[Opening INPUT DATA section]

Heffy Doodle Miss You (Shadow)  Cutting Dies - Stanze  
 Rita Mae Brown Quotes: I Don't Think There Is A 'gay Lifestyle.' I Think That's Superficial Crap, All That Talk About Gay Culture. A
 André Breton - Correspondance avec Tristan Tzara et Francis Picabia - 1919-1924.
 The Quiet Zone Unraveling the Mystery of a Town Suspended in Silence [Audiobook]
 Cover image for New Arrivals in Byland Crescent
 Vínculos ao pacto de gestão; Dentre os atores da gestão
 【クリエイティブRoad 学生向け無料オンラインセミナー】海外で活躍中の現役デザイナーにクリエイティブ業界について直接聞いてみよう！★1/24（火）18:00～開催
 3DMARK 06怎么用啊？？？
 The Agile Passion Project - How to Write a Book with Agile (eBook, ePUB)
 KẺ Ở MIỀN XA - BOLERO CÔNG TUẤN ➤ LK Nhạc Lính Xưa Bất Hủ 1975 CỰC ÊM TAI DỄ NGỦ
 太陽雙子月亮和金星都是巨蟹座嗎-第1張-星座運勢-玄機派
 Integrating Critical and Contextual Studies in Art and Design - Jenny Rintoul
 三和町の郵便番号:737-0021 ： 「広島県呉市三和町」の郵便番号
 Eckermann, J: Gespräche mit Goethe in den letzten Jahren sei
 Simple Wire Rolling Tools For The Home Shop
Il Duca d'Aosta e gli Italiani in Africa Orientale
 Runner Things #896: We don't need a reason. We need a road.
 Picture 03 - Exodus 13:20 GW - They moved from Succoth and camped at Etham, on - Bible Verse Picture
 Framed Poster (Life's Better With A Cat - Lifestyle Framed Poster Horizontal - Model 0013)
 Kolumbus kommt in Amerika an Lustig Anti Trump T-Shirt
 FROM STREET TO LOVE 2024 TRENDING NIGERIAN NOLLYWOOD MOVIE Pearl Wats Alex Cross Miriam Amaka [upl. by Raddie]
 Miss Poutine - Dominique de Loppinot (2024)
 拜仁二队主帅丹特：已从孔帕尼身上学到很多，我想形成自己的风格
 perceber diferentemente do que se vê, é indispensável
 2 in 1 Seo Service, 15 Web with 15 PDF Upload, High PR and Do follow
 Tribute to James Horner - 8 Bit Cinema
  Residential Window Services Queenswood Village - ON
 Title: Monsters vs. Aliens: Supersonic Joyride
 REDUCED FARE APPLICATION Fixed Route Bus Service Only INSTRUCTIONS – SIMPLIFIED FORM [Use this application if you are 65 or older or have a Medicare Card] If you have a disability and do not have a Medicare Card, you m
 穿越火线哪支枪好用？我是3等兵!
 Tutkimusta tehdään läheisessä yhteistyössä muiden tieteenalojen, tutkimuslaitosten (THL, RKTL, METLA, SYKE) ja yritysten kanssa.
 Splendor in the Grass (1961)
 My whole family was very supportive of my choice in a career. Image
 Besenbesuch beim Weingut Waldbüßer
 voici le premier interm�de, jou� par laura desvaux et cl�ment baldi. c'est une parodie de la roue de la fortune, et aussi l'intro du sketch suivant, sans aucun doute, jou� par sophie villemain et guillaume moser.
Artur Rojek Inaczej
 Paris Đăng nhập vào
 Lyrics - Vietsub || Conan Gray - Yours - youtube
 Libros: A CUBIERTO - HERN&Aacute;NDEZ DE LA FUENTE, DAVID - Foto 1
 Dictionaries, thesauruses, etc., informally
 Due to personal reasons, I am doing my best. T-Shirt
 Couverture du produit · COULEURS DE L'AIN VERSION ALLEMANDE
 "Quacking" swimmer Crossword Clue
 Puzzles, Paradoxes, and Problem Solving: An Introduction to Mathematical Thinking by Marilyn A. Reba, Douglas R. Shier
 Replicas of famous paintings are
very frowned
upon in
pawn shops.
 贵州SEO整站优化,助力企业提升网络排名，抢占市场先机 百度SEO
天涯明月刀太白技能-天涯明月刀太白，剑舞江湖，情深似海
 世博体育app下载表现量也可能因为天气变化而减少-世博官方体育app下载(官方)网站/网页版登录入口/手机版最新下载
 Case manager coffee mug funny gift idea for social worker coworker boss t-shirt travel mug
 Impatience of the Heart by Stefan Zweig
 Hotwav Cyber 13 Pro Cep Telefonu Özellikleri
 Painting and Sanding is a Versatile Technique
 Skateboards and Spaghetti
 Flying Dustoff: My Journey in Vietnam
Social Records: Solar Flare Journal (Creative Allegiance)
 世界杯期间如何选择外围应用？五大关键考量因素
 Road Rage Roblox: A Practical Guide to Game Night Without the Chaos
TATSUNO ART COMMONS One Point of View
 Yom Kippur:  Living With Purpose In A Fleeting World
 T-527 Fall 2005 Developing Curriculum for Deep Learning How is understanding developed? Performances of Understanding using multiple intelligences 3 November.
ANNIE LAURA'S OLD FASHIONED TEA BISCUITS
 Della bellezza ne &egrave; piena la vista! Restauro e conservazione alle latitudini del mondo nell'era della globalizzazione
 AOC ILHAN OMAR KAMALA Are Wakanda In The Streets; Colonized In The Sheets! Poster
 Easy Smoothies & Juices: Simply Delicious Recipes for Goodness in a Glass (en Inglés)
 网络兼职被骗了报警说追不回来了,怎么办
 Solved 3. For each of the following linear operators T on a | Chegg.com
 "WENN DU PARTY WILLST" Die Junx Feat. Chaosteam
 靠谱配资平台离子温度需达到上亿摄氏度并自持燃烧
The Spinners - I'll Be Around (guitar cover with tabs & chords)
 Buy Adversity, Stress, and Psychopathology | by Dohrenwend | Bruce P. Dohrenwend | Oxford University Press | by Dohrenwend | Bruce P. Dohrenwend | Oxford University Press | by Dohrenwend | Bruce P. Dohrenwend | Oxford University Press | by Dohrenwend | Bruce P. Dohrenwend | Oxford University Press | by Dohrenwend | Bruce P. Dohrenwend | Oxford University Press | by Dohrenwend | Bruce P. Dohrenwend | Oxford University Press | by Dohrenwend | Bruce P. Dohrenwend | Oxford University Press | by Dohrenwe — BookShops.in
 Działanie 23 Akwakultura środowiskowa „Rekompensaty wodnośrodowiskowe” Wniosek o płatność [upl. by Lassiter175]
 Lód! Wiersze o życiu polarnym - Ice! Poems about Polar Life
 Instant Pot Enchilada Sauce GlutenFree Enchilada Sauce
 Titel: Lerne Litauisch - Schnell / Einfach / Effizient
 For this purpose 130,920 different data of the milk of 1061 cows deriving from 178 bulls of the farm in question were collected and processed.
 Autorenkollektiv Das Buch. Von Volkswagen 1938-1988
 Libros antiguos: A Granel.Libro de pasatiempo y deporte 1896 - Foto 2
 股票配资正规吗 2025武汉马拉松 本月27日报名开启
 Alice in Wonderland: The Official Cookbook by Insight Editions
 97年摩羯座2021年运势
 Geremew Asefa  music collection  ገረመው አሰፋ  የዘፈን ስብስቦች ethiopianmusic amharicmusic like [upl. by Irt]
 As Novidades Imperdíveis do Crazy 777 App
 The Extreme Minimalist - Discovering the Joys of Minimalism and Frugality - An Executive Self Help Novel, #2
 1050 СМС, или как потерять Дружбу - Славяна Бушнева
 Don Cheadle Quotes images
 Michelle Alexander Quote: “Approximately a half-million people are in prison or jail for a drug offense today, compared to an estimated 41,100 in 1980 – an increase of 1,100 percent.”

[Closing INPUT DATA section]

TASK TO CARRY OUT
Among the entries above, find the line with "Hotwav Cyber 13 Pro Cep Telefonu Özellikleri" and the line with "A Fleeting World"; give again exactly these two lines and all lines between them.

EXERCISE SOLUTION
 Hotwav Cyber 13 Pro Cep Telefonu Özellikleri
 Painting and Sanding is a Versatile Technique
 Skateboards and Spaghetti
 Flying Dustoff: My Journey in Vietnam
Social Records: Solar Flare Journal (Creative Allegiance)
 世界杯期间如何选择外围应用？五大关键考量因素
 Road Rage Roblox: A Practical Guide to Game Night Without the Chaos
TATSUNO ART COMMONS One Point of View
 Yom Kippur:  Living With Purpose In A Fleeting World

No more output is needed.